Забыть и выбросить всё из головы! Ребята молчали, но, наверно, молчали потому, что впереди у нас бои и, значит, надо думать о них. Это самое важное сейчас. Ведь где-то там - победа, окончательный разгром немцев и, значит, конец всему тому, чем живут люди вот уже четвертый год. Конечно, ребята, сидевшие рядом со мной в машине, думали сейчас об этом и потому молчали.
Почему же я думал о братской могиле, и о могиле - свежей, совсем свежей могиле Геннадия Васильевича в Лежайске, и видел Наташу? Ведь когда мы встретились с ней, мы не говорили об этом. Говорили о чем-то другом, менее важном, и совсем не важном. А потом она сказала: "Мы встретимся". И даже добавила, как искать ее, и узнала, как искать меня.
А я так и не знал раньше, что она любила его...
Вечерело.
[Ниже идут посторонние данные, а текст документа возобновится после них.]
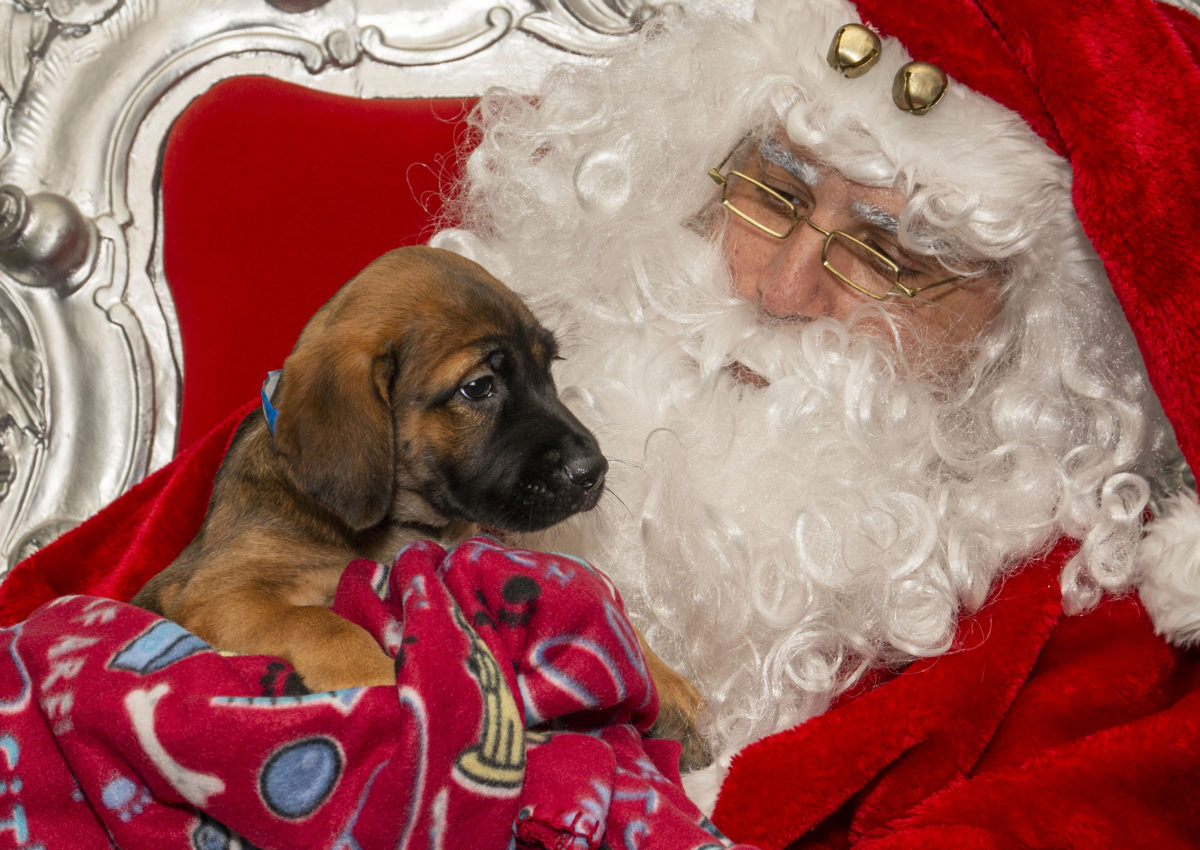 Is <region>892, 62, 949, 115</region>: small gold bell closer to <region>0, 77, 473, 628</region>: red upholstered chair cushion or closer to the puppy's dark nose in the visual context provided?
the puppy's dark nose

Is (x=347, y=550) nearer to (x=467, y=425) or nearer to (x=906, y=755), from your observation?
(x=467, y=425)

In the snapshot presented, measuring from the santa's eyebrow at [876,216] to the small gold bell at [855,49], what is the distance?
262 millimetres

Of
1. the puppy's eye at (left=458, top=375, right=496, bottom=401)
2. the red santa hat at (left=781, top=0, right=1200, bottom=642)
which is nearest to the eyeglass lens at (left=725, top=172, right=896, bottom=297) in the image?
the red santa hat at (left=781, top=0, right=1200, bottom=642)

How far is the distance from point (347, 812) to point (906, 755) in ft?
3.28

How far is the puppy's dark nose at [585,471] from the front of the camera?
166cm

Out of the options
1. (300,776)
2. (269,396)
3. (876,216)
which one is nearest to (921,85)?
(876,216)

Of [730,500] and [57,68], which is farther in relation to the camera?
[57,68]

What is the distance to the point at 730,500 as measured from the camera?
6.45 feet

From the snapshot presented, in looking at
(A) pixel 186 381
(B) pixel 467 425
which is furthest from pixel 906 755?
(A) pixel 186 381

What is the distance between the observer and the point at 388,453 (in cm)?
158

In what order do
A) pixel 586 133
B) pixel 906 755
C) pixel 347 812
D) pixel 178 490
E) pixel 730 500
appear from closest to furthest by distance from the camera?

По дороге шли и шли воинские колонны. Трехтонки и "газики" с продовольствием и снарядами, "студебеккеры" и "шевроле" с легкими пушками и минометами на прицепе. Телеги с пожилыми возницами и уставшими, тяжело дышащими, как астматики, лошадьми. Реже двигались машины в обратную сторону, к переправе. Чаще санитарные и легковые - "эмки" и виллисоподобные "газики".
Но вот все сгрудилось и перемешалось на дороге. Из-за ближнего леска над колоннами появились два "мессера", пронеслись низко, так что даже было видно летчиков в кабинах, и пошли стегать по шоссейке. Дико заржала лошадь, раздались крики: "Воздух! Воздух!", несколько солдат, подняв в небо автоматы и винтовки, стреляли по самолетам.
У нашей машины упал шофер. Он стоял у радиатора с ведром воды - и вдруг осел на асфальт, и глухо ударилось ведро и потом загремело, уже пустое, полетев под откос.
"Мессеры" скрылись, и мы бросились на дорогу. Приподняли шофера, долго трясли его, пока Саша не произнес:
- Смотрите, голова!
Две пули прошли через голову. Шофер был мертв. Мы отнесли его в сторону от дороги, положили на мокрую траву. И слева, и справа от нас, и по другую сторону шоссейки тоже несли кого-то.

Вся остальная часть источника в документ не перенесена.